This article assumes that you know "C" programming, parts of the Win32 API, and have some knowledge of the Direct Draw API.
Game development is all about speed. A simple way to speed up your game is to reduce the number of Blits used by your app. By Blits I mean the Direct Draw function calls Blt and BltFast.Reading the direct draw samples included with the SDK, you'd see the following pattern:
Initialization:
Every Loop:
The main point of this article is that the expense of using Blit is largely understated. In addition to simply moving the data from system memory to video memory, a blit has to obtain a win16 exclusive lock on whatever resources blit needs. At the very least this means the source and destination buffers.This penalty occurs every time something is blit onto the screen. How can you reduce that overhead? Lock the back buffer only once per game loop and write everything to it yourself. This reduces the lock / unlock cycle to once per game loop - instead of once per write.This method also has other good side effects that I detail below. I call this method the Lock / Unlock method. In a sentence, you:Lock your back buffer once, write to it many times, unlock it, then flip or blit it to the front buffer.The new, improved method's pseudo code is:
Lock the back buffer
// Here is some sample source from a DirectDraw wrapper that I
// wrote awhile back, with the calls to Lock / Unlock.

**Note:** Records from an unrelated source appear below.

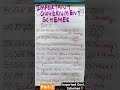 IMPORTANT GOVERNMENT SCHEMES PART-2.. FOR BANK AND INSURANCE EXAM. START PREPARATION NOW.. #govtjobs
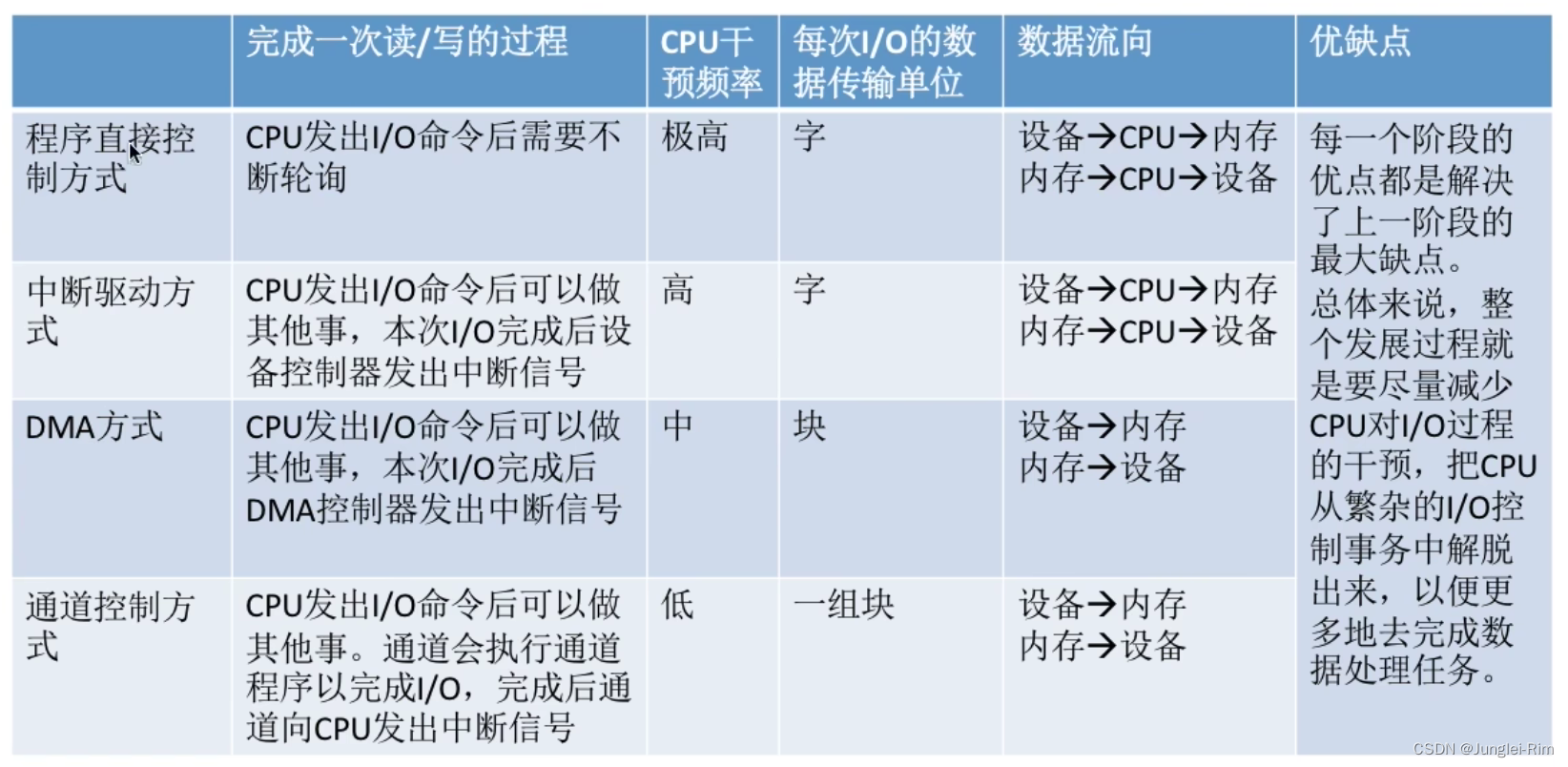 I/O控制方式(程序直接控制方式，中断驱动方式，DMA方式，通道控制方式)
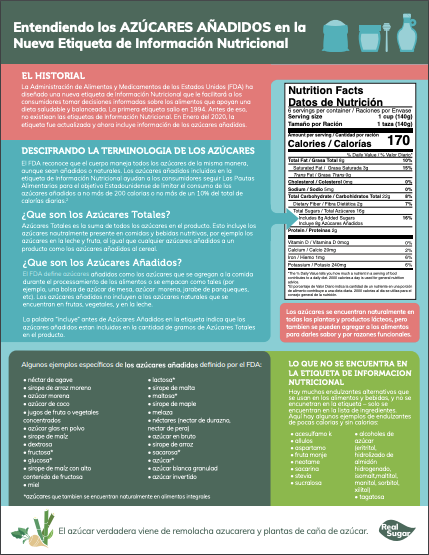 Haciendo sentido sobre los AZÚCARES AÑADIDOS en la nueva etiqueta de datos nutricionales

// This method works with DirectX versions 2&3, and probably 5.
void renderer_c::Lock(void)
{
DDSURFACEDESC ddsd;
HRESULT ddrval;
// VERY IMPORTANT - the next two steps are crucial!

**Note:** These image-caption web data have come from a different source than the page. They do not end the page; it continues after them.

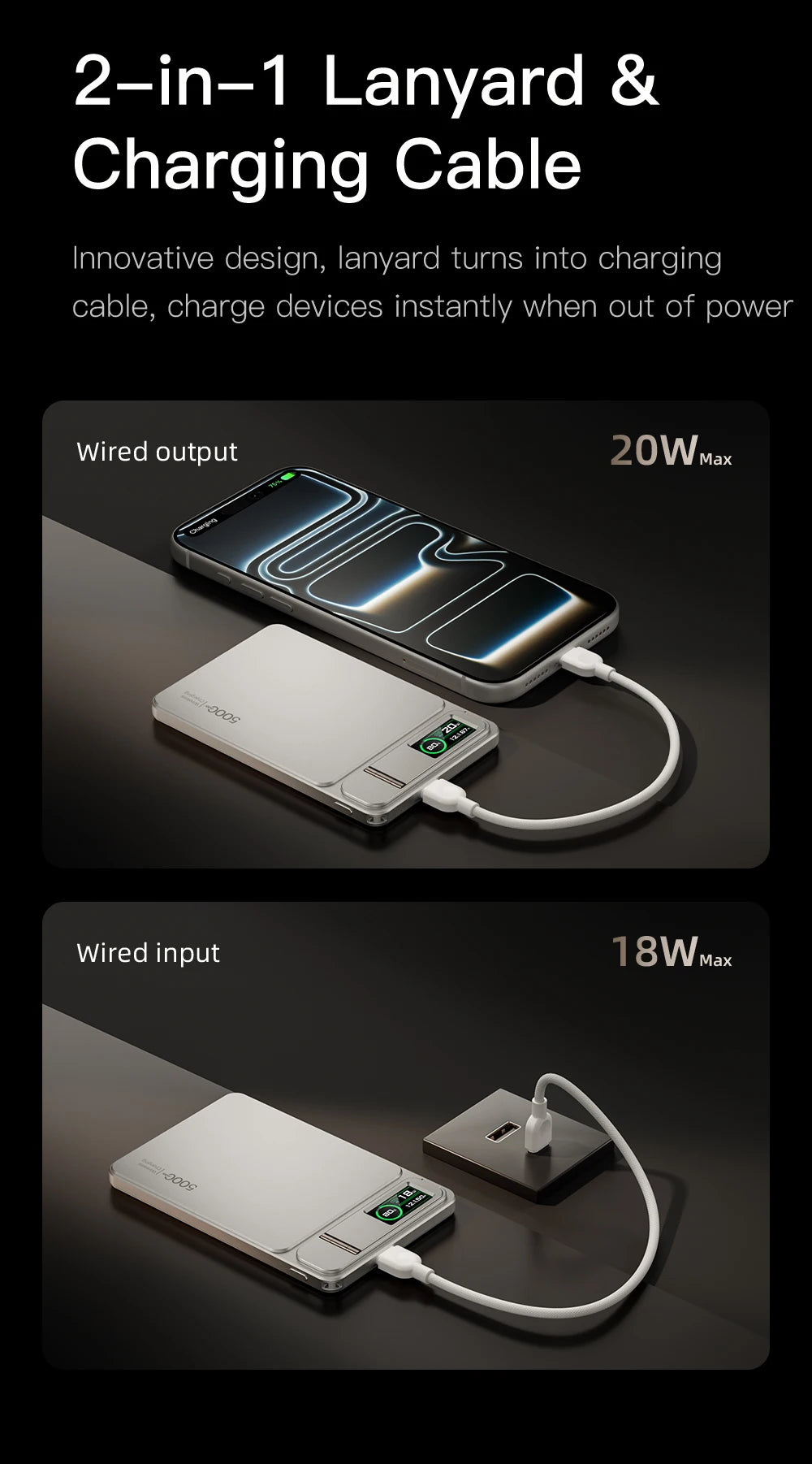 Carga Inalámbrica y Carga Rápida 20W para iPhone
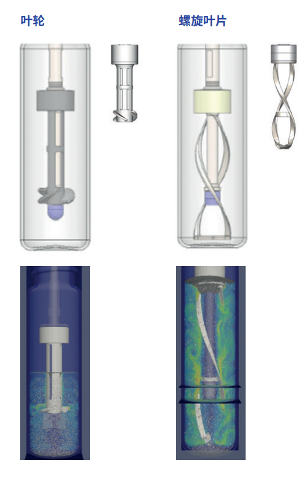 新品速遞：Technobis ReactALL 反應篩選的未來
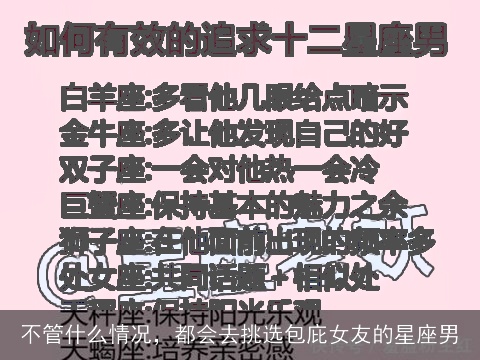 不管什么情况，都会去挑选包庇女友的星座男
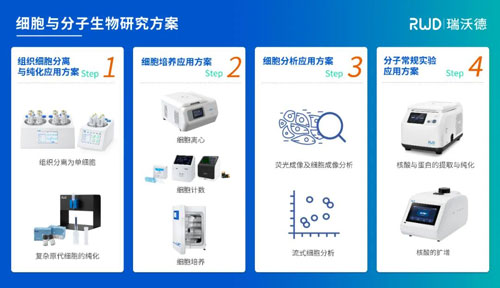 展会预告 | 中国干细胞第十三届年会，瑞沃德诚邀您来参与！
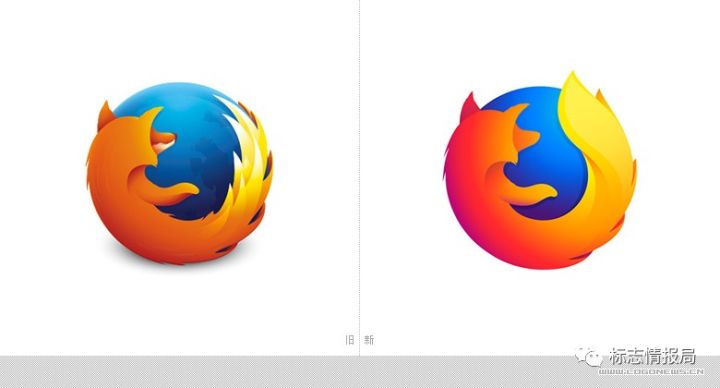 火狐（Firefox）正式宣布启用全新LOGO设计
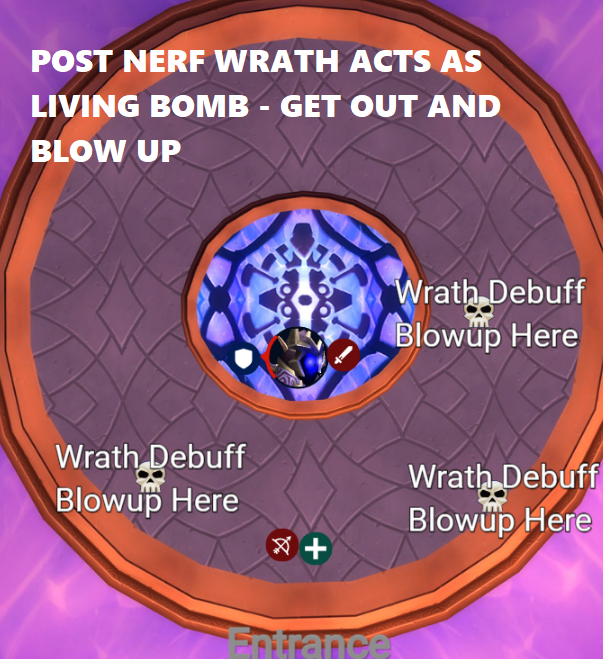 High Astromancer Solarian placement diagram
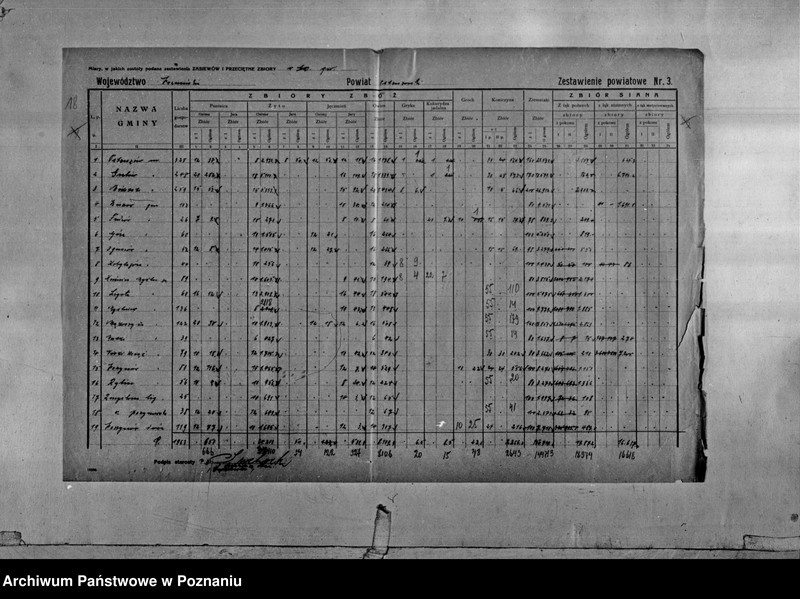 Obraz 20 z jednostki "/Statystyka produkcji rolnej - zestawienie powiatowe - Ostrów/"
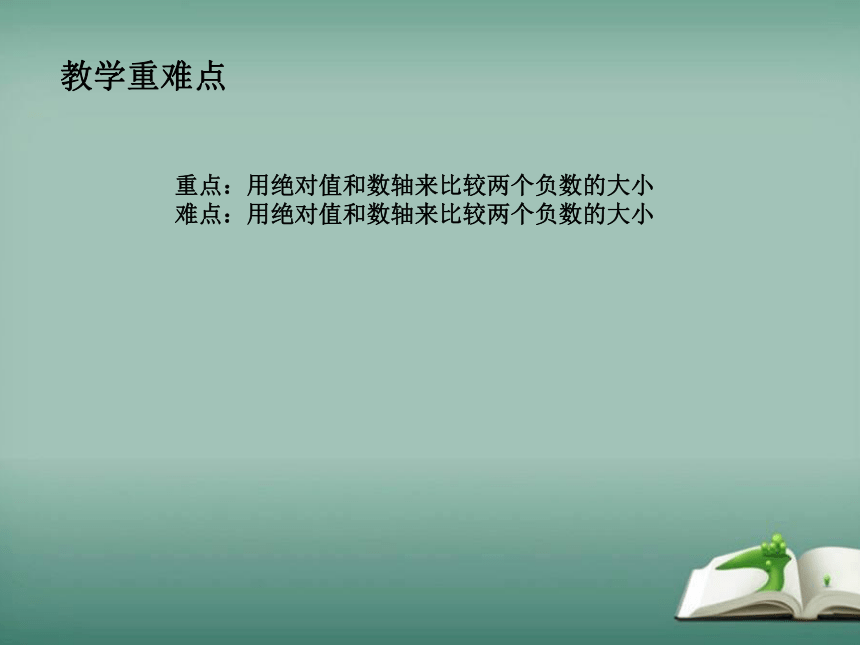 2022-2023学年华师大版数学七年级上册 2.5 有理数的大小比较 课件(共16张PPT)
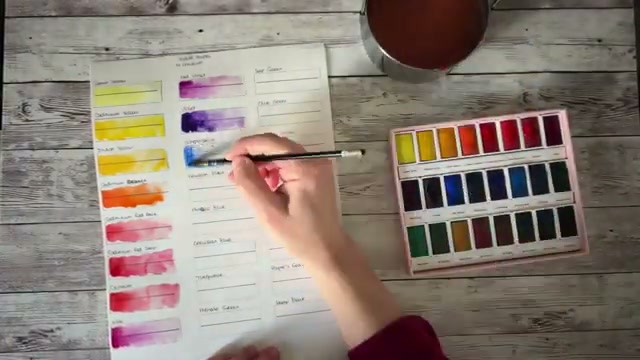 Vue sur les swatchs de couleurs fraîchement réalisés, démonstration de la vibrance et de la saturation des pigments sur le papier aquarelle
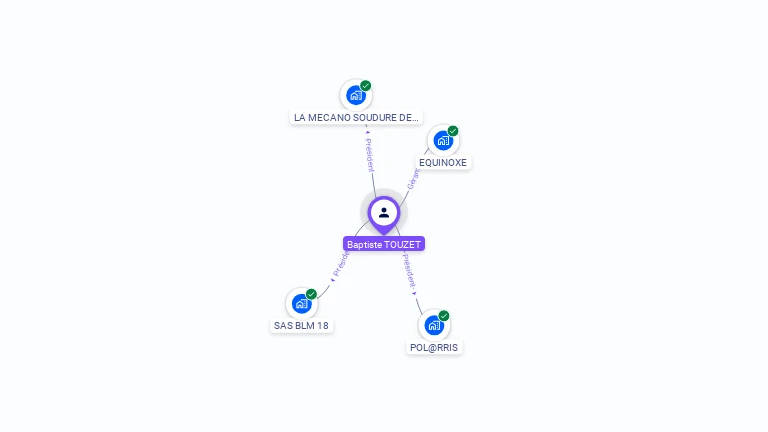 Cartographie gratuite de Baptiste TOUZET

memset( &ddsd, 0, sizeof( ddsd ));
ddsd.dwSize = sizeof( ddsd );
// attempt to Lock the surface
ddrval = ddsBack->Lock(NULL, &ddsd, DDLOCK_WAIT, NULL);
// Always, always check for errors with DirectX!
if( ddrval == DD_OK )
{
locked = TRUE;
lockedSurf = ddsd.lpSurface;
lockedWidth = ddsd.lPitch;
lockedHeight = ddsd.dwHeight;
}
else
{
locked = FALSE;
lockedSurf = NULL;
lockedWidth = 0;
throw ddrawErr_c("Couldn't Lock the renderer!");
}
}
void renderer_c::UnLock(void)
{
if (DD_OK != ddsBack->Unlock(lockedSurf))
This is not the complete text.